START Dataset extract

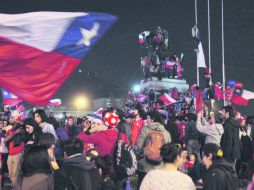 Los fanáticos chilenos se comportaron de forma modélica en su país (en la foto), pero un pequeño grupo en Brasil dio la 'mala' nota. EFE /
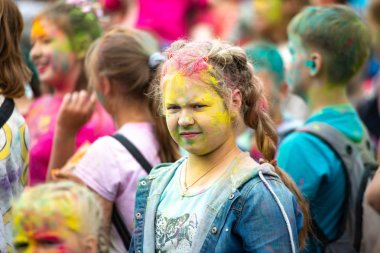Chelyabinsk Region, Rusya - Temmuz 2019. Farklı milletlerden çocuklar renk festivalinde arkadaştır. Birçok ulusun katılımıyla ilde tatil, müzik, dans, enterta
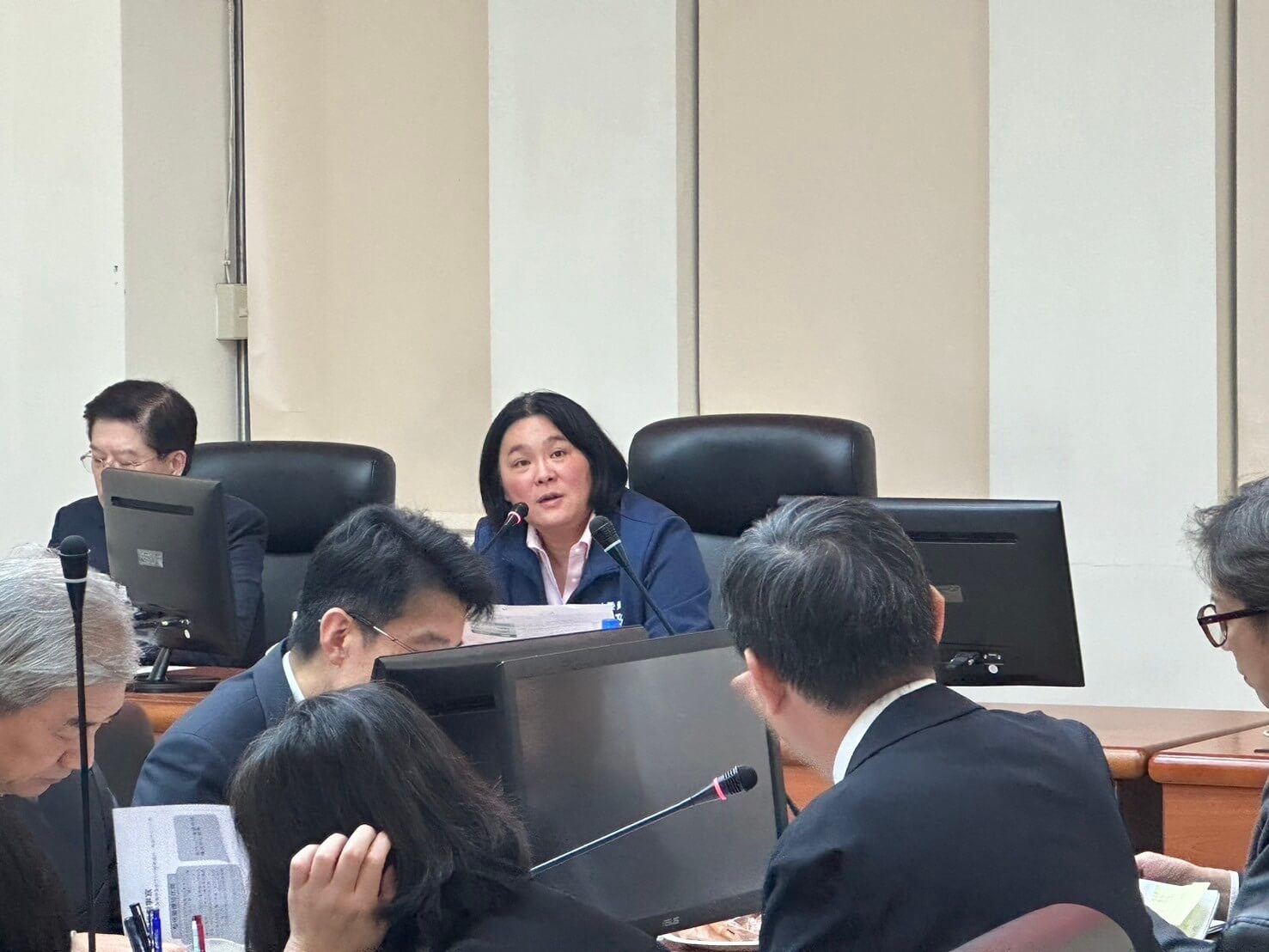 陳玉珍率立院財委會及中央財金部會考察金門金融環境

END Dataset extract
START Dataset extract

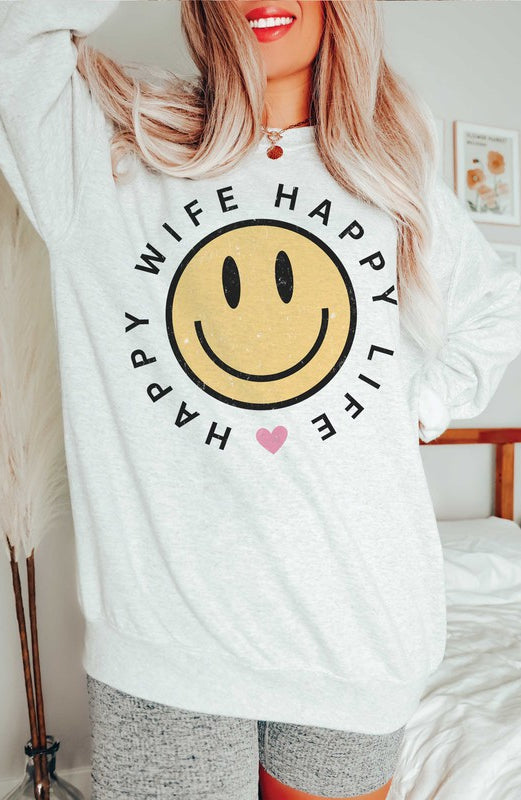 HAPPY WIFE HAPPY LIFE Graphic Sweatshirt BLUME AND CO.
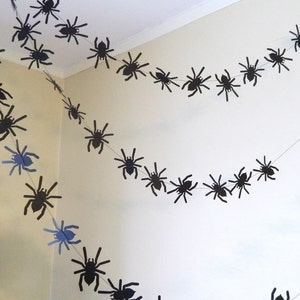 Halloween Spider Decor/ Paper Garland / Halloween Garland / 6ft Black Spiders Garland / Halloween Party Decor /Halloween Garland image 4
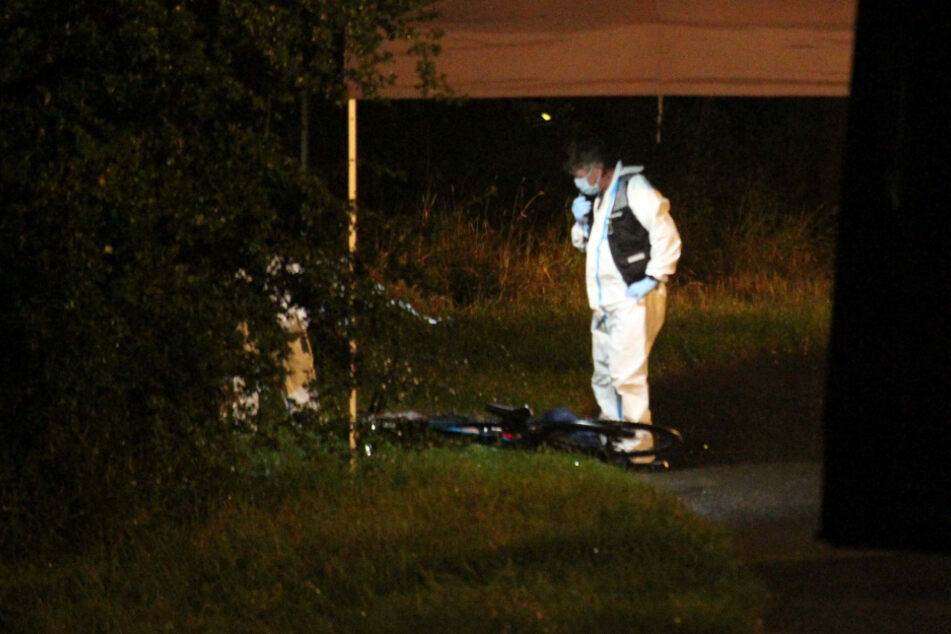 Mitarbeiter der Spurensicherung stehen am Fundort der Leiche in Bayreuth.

END Dataset extract
START Dataset extract

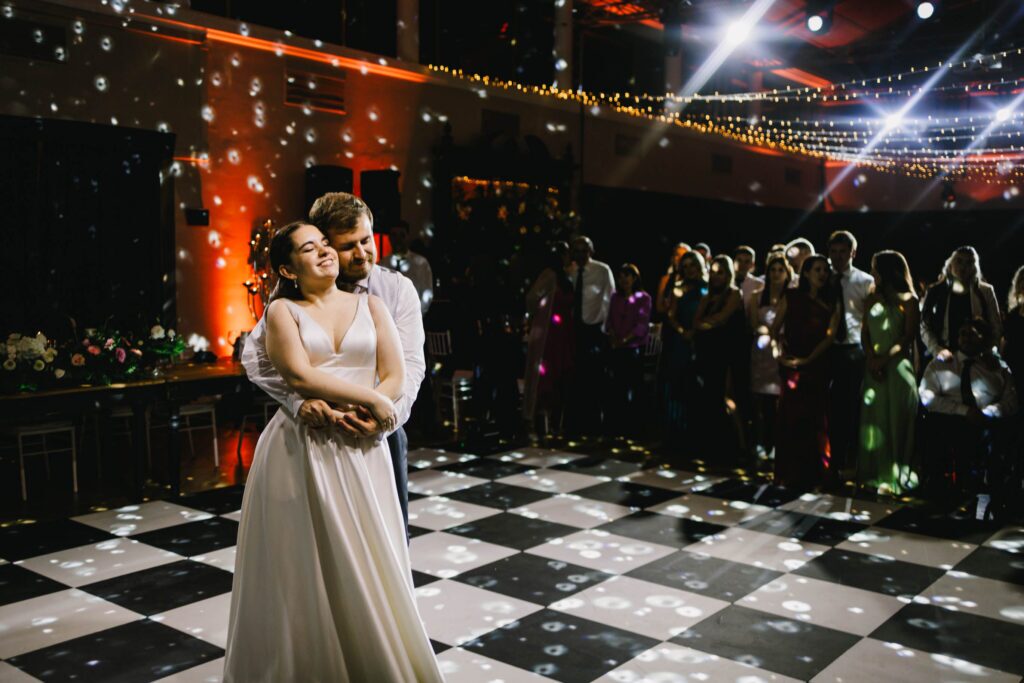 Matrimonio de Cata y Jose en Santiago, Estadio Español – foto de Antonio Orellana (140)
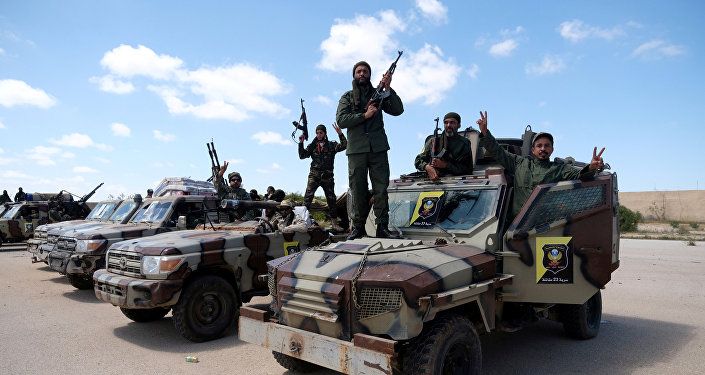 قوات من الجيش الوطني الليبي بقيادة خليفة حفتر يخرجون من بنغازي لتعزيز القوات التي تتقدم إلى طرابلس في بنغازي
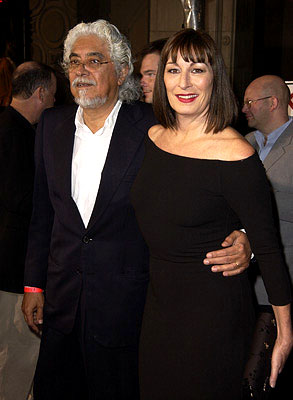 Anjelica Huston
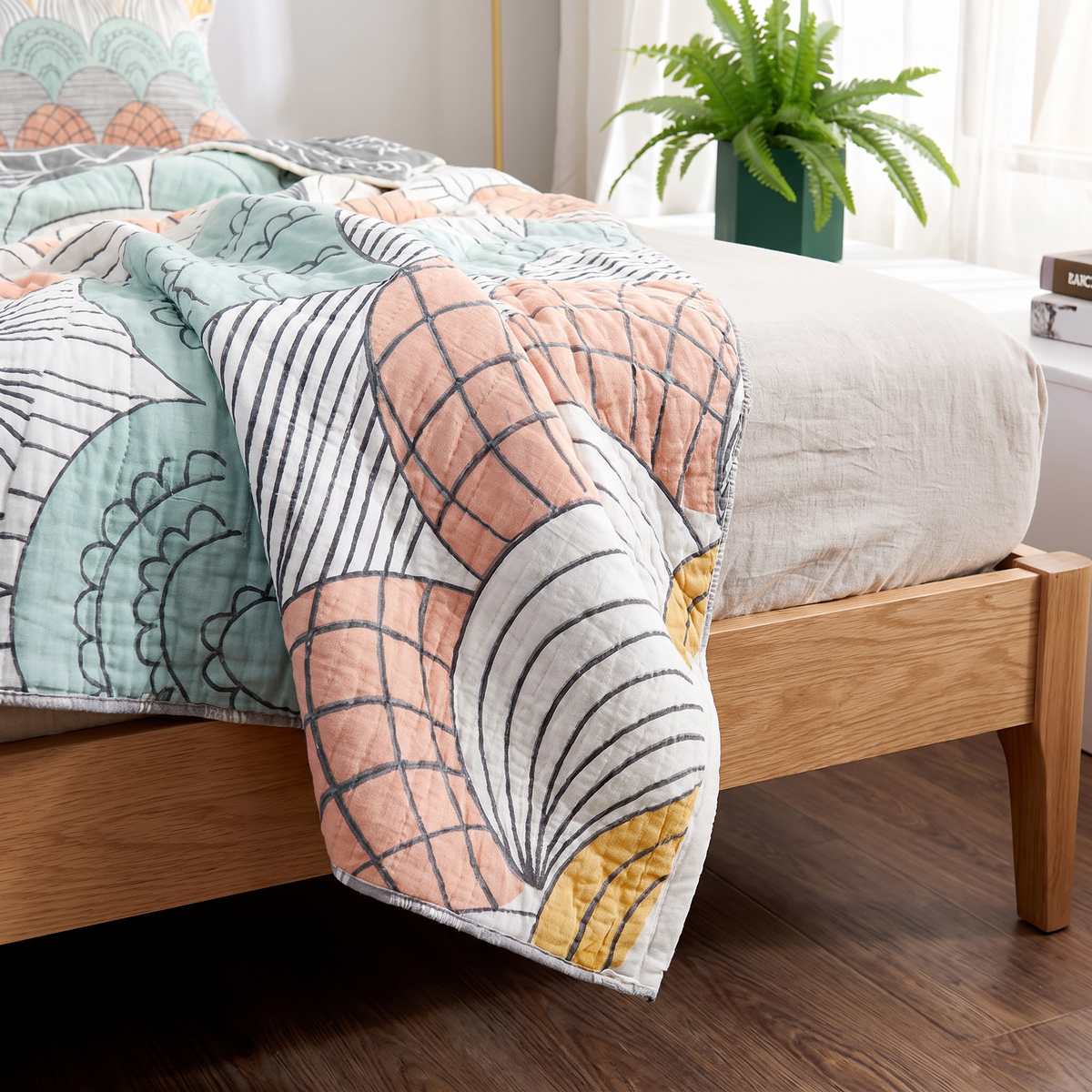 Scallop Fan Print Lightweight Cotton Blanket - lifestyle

END Dataset extract

→ Activity
Within the listing above, the lines starting at the one containing "HAPPY WIFE HAPPY" and ending at the one containing "Mitarbeiter der Spurensicherung" are to be returned exactly. Omit the pictures.

→ Result of this exercise
 HAPPY WIFE HAPPY LIFE Graphic Sweatshirt BLUME AND CO.
 Halloween Spider Decor/ Paper Garland / Halloween Garland / 6ft Black Spiders Garland / Halloween Party Decor /Halloween Garland image 4
 Mitarbeiter der Spurensicherung stehen am Fundort der Leiche in Bayreuth.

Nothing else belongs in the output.